YOUR OBJECTIVE » In the material below, begin at the line that has "RSVP de Casamento Dourado e Roxo de Estrelas", stop after the line that has "Pillows>Kirklands Home Denim", and transcribe those lines exactly, without pictures.

SUPPLIED ENTRIES »

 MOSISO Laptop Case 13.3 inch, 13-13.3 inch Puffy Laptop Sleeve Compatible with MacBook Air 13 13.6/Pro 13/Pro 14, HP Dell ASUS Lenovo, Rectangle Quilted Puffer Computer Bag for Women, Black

...

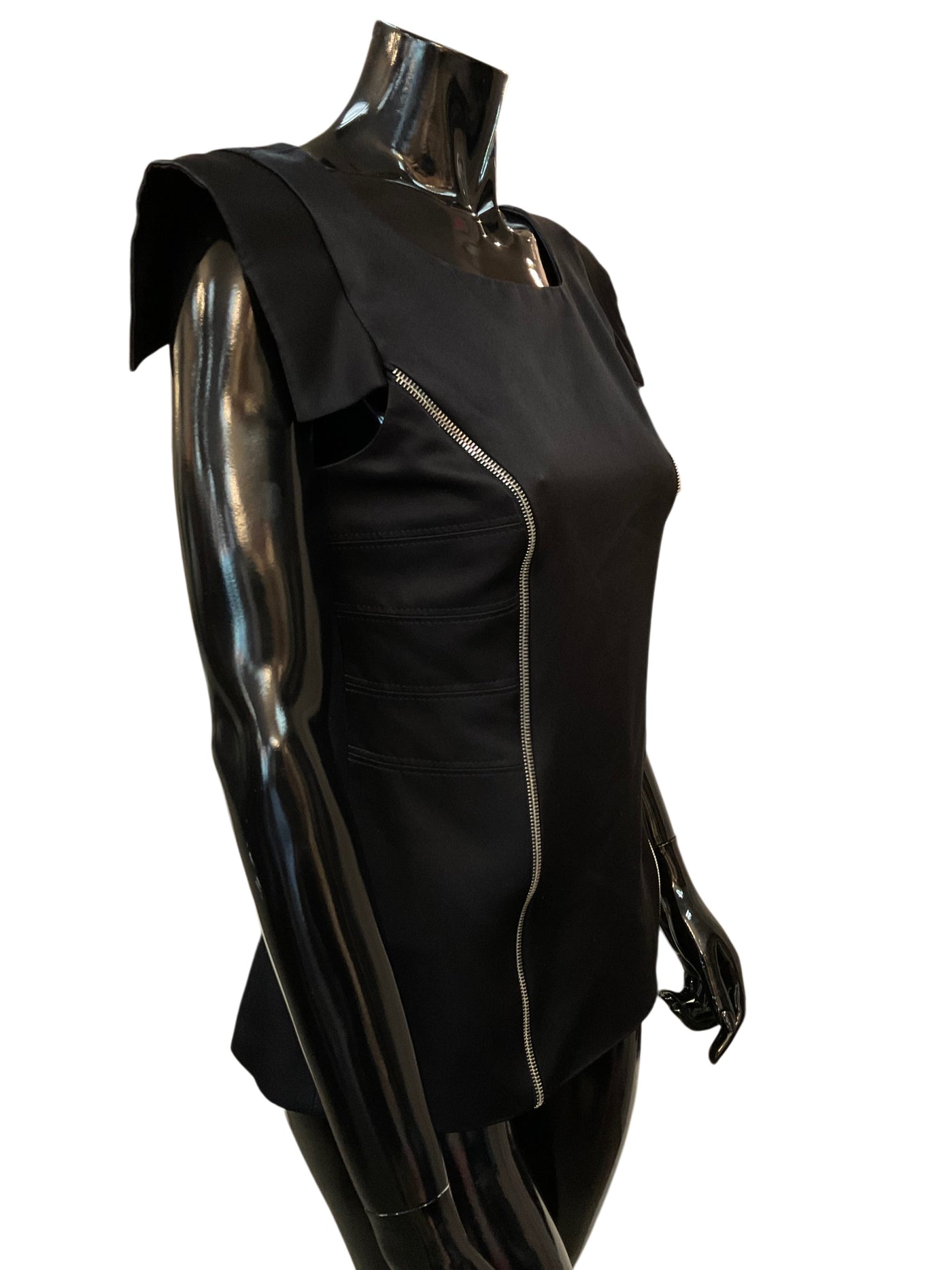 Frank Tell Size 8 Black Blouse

* * *

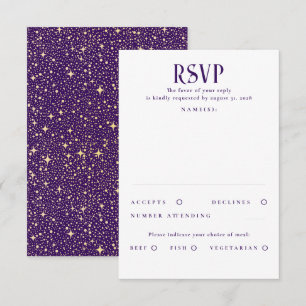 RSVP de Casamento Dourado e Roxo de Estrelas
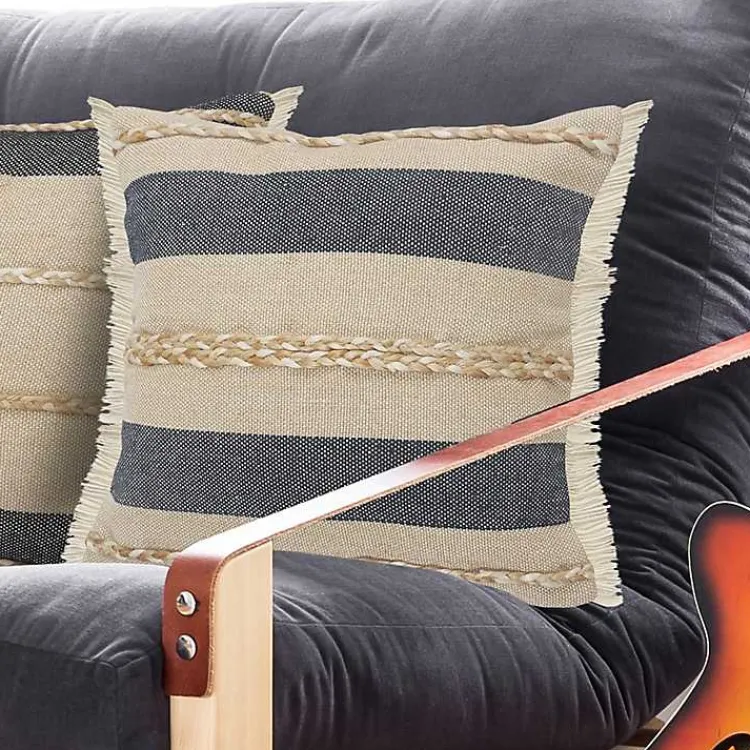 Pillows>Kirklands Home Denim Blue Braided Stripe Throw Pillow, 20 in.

RESULT BELOW »
 RSVP de Casamento Dourado e Roxo de Estrelas
 Pillows>Kirklands Home Denim Blue Braided Stripe Throw Pillow, 20 in.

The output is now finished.